The disadvantages attributed to it by those who have aban doned it are — that it is much more expensive than the woad vat on account of loss of indigo in washing; that the goods handle thinner when of the same weight and texture, although the strength of the goods is not impaired, as tested by Hebden's machine; that the colour is not quite so good, being somewhat green; that it requires one-third more red bottom than the woad vat; that it spoils the face of goods.

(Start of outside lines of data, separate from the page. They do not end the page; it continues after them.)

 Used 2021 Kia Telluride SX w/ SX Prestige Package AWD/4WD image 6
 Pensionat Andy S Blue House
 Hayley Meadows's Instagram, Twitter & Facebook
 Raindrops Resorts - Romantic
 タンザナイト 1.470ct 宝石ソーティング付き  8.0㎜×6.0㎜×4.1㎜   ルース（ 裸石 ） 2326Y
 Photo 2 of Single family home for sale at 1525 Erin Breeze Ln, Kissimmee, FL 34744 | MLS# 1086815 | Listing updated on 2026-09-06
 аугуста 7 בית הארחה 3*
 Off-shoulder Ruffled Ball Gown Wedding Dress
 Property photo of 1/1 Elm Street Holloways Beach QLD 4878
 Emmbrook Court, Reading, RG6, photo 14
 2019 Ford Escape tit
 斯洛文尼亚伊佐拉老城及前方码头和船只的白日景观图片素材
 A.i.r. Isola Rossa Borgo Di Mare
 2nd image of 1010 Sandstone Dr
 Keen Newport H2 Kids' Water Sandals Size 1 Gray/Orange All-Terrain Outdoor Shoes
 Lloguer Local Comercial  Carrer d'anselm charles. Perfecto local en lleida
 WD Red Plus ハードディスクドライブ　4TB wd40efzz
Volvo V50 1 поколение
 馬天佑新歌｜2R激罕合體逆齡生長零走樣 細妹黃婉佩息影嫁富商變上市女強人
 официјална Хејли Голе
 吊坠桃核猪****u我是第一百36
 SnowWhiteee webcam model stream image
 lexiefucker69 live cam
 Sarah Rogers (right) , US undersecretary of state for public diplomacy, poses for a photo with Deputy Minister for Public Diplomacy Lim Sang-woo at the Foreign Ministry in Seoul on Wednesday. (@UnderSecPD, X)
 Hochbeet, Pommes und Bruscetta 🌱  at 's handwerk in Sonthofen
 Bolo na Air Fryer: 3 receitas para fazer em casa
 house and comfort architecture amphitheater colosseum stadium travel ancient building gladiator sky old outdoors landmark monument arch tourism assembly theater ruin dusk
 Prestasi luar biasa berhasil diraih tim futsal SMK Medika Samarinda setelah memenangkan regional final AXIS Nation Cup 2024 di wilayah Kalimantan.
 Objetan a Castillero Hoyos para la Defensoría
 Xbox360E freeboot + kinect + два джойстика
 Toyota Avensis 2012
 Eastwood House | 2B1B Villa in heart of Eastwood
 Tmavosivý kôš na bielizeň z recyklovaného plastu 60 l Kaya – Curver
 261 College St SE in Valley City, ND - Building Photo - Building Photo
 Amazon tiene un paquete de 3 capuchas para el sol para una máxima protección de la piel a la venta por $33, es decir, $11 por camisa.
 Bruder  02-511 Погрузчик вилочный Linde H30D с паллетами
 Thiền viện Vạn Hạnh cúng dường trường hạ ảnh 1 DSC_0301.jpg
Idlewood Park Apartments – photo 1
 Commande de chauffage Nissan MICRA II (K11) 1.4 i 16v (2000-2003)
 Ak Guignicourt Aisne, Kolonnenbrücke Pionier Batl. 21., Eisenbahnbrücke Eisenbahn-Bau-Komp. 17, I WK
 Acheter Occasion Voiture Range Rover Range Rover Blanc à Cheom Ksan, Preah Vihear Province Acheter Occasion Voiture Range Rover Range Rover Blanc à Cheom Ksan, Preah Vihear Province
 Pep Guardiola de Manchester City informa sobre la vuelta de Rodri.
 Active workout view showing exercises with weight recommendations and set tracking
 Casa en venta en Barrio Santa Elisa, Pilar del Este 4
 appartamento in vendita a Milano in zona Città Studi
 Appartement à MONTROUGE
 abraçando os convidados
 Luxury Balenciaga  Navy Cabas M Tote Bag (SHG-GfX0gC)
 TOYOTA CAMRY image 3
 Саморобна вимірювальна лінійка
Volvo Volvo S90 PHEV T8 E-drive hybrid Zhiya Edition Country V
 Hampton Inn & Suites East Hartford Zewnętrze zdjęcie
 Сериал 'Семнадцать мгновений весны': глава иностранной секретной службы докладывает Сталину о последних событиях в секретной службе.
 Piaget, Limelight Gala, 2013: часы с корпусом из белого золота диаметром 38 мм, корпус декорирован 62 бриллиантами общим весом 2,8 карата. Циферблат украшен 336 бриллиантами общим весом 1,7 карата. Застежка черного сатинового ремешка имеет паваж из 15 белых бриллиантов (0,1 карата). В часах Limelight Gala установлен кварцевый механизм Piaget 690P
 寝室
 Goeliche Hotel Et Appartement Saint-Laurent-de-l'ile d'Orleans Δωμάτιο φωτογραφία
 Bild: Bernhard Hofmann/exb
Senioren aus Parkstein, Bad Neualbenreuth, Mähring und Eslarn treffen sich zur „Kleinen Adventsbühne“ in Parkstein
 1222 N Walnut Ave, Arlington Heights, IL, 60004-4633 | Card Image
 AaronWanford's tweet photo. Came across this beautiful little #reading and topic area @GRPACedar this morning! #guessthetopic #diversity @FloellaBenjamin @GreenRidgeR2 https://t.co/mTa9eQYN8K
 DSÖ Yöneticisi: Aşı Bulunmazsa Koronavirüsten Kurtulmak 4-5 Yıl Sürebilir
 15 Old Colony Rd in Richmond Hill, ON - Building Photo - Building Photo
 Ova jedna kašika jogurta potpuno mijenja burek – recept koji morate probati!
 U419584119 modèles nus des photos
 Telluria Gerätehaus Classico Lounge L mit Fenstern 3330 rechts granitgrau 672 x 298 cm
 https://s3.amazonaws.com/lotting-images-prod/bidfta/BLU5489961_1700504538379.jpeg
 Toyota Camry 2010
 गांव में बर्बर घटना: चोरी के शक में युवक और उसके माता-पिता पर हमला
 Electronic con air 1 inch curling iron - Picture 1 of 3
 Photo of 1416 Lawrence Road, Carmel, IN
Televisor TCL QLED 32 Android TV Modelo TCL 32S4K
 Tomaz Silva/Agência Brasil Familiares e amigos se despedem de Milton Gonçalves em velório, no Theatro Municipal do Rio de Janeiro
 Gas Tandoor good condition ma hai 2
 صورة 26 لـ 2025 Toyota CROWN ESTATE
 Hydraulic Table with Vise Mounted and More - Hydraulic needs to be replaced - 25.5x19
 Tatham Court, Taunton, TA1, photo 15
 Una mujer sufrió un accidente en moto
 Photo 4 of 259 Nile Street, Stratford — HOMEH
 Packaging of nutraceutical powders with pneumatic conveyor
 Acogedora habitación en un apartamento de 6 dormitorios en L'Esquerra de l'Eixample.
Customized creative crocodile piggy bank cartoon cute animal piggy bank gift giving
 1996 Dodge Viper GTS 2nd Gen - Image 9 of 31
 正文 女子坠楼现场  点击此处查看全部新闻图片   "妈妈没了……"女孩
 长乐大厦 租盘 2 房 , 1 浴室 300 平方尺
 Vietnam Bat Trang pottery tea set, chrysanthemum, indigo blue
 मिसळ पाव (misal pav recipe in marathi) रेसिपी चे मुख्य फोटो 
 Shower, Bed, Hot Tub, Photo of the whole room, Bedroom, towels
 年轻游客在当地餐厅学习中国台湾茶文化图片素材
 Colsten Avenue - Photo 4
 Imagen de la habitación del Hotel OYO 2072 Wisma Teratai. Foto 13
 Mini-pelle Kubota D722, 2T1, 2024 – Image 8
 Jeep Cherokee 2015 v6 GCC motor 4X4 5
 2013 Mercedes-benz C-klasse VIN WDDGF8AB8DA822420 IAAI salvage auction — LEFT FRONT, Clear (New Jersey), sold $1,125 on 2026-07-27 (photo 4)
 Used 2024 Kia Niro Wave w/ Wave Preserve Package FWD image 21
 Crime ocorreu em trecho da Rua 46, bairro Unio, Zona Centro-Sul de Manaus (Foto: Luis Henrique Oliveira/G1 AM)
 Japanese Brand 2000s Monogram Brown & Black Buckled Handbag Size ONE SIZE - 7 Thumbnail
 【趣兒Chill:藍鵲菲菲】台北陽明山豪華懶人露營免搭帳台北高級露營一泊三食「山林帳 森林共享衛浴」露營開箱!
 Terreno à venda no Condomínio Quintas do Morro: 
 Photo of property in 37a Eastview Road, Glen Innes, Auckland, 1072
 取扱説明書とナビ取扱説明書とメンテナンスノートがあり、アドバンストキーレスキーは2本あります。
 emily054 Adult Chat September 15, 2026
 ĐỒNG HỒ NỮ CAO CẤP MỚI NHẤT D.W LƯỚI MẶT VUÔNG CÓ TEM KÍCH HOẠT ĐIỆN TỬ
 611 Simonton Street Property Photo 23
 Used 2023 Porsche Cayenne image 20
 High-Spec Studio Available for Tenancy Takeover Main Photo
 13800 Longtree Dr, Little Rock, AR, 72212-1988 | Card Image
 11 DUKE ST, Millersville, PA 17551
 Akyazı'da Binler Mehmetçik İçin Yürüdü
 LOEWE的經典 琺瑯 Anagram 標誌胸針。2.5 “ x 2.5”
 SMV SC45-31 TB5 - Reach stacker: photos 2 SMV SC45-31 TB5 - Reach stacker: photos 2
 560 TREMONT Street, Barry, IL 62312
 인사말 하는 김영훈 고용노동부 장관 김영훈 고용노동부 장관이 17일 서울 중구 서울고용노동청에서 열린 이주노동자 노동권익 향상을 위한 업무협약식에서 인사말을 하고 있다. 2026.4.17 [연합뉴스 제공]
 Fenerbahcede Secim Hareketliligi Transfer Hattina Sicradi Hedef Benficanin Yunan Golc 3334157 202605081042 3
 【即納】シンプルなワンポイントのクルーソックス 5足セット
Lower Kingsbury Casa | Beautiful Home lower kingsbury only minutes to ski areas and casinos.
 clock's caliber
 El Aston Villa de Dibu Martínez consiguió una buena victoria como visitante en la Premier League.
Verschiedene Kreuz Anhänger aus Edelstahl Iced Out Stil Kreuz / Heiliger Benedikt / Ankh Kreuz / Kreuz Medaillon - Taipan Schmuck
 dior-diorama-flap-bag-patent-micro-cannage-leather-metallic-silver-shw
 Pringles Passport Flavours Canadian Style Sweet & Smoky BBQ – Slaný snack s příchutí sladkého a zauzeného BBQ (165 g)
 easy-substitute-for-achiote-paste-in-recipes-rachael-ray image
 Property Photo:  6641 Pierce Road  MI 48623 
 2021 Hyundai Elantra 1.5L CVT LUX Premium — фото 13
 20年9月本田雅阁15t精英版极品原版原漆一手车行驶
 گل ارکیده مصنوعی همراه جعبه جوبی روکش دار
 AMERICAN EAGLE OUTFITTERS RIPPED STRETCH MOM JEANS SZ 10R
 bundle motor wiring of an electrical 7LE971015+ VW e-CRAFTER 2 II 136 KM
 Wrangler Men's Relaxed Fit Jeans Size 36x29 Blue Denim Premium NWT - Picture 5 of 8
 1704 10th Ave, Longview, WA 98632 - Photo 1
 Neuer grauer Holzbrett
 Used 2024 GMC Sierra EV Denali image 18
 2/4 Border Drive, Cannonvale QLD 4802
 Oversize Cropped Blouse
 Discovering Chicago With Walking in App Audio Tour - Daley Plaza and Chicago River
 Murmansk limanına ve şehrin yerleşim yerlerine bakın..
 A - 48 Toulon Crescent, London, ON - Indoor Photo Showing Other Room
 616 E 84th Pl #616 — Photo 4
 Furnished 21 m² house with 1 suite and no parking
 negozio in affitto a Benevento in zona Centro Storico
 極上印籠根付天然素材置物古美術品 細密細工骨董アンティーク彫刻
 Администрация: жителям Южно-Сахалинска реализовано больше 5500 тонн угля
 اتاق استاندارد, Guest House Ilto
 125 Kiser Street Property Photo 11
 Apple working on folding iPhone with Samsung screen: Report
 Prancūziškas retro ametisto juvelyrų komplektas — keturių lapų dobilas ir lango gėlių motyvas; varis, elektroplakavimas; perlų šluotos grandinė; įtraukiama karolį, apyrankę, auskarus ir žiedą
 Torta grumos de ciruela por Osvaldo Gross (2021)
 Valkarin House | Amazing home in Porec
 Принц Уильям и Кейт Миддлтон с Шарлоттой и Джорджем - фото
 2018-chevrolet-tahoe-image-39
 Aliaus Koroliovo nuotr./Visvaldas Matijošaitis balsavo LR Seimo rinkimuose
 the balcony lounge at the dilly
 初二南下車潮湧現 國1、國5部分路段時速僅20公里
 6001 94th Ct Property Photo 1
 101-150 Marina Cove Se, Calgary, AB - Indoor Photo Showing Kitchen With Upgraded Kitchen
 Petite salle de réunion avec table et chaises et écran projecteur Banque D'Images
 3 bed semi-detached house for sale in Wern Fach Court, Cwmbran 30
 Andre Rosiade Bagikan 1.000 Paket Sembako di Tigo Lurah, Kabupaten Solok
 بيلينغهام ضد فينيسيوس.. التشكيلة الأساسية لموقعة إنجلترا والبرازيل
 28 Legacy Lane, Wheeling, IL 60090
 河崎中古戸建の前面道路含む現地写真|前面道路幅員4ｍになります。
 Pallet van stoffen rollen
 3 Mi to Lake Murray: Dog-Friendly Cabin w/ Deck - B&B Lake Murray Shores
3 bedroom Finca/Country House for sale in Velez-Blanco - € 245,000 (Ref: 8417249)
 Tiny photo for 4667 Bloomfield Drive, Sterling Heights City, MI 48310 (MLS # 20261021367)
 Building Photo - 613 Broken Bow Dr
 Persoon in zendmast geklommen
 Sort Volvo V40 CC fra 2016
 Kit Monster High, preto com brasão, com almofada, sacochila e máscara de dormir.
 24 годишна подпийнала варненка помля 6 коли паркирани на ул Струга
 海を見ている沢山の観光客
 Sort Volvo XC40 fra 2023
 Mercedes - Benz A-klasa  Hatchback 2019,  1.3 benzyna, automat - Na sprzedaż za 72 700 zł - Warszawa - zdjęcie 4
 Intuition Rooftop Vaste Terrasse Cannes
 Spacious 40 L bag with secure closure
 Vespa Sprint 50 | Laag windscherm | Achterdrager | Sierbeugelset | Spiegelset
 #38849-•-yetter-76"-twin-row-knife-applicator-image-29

The heaviest charge against it, however, seems to be the cost, but this may be very greatly lessened by recovering the indigo which washes off, by passing the goods through milk of lime before the washing. The lime dissolves the reduced indigo which has not become fixed to the fibre. The green colour can be removed by passing the goods through very dilute sulphuric acid in the washing machine.

The following table gives the cost of dyeing dark blues by the hydrosulphite vat by a dyer who wished to use it, but was deterred by the cost. It bears unfavourable comparison with the cost of materials by the woad vat. The cost of labour in working the two vats may be assumed to be about the same:
240 lbs. Indigo at 5s. 6d. ... £66 0s. 0d.
1,978 lbs. Bisulphite of soda at 1d. ... £8 4s. 10d.
195 lbs. Zinc dust at 23s. per cwt. ... £2 0s. 1d.
30 lbs. Fuller's earth ... £0 1s. 0d.
Lime ... not given
[TOTAL] £76 5s. 11d.

Percentages of fofal cost:
Indigo ... 86'84
Bisulphite soda ... 10'62
Zinc dust ... 2'63
Fuller's earth ... nil.
Lime ... not given
... 100'09

Cloth dyed with above material, 3,420 lbs. Cost per lb., 5¾ d.

The materials required to reduce the indigo cost 13,25 per cent. of the whole.

(Wool and swatches of cloth were then dyed with the hydrosulphite vat.)

Extracts of Indigo (Indigo Carmine).

These are sulphuric acid derivatives of indigo obtained by dissolving indigo in strong, or even fuming, sulphuric acid. The extract having a purple colour, contains chiefly sulpho purpuric acid, C10H10N2O2,SO3, the blue extract contains sulph indigotic acid, C8H5NO,SO3. The production of these two varieties depends upon the strength of the acid used, and the temperature and time of contact.

The acid, or "sour extract," may be made by gradually adding 1 lb. of well-powdered indigo to 12 lbs. of the strongest commercial sulphuric acid, stirring well during the addition. The mixture is then kept for two days at a temperature of about 140°Fah. A little of the mixture dropped into water should completely dissolve. The mixture is poured into water, and is then ready for use. The best qualities of indigo and the refined article should be used in these preparations.

The sweet extract is made by neutralizing an acid extract with carbonate of soda and chalk, adding also salt. The sulphopurpuric and sulphindigotic acids form soda salts, which are insoluble in solutions of alkaline salts; the colouring matter can therefore be precipitated, filtered off, and washed. The following process gives a good sweet extract: — Add gradually 9 lbs. of the strongest sulphuric acid to 1 lb. of the finest quality of indigo finely ground and sifted, stirring well all the time; set aside for a week at from 60° to 70° Fah.; then add a solution of 10 lbs. of common salt and 15 lbs. of soda crystals; then ½ lb. of powdered chalk may be added, and the whole well stirred up and thrown upon a filter, and washed with a solution of salt till the washings run through colourless.

The purple extract is made by using one-third as much acid and leaving them in contact only a short time.

These dyes require no mordant for wool; they dye best in an acid bath, and the addition of sulphate of soda is found to be beneficial in clearing the liquid and producing evenness of shade.

They are not used as self colours on woollen goods, but enter largely into the composite colours of goods which do not require to be scoured afterwards.

They are not, therefore, fast colours, and cannot be compared with indigo colours dyed by vat processes, which possess a degree of permanence which has long given them a deserved popularity, as they remain unaffected alike by heat and cold, sunshine and rain, acid and alkali.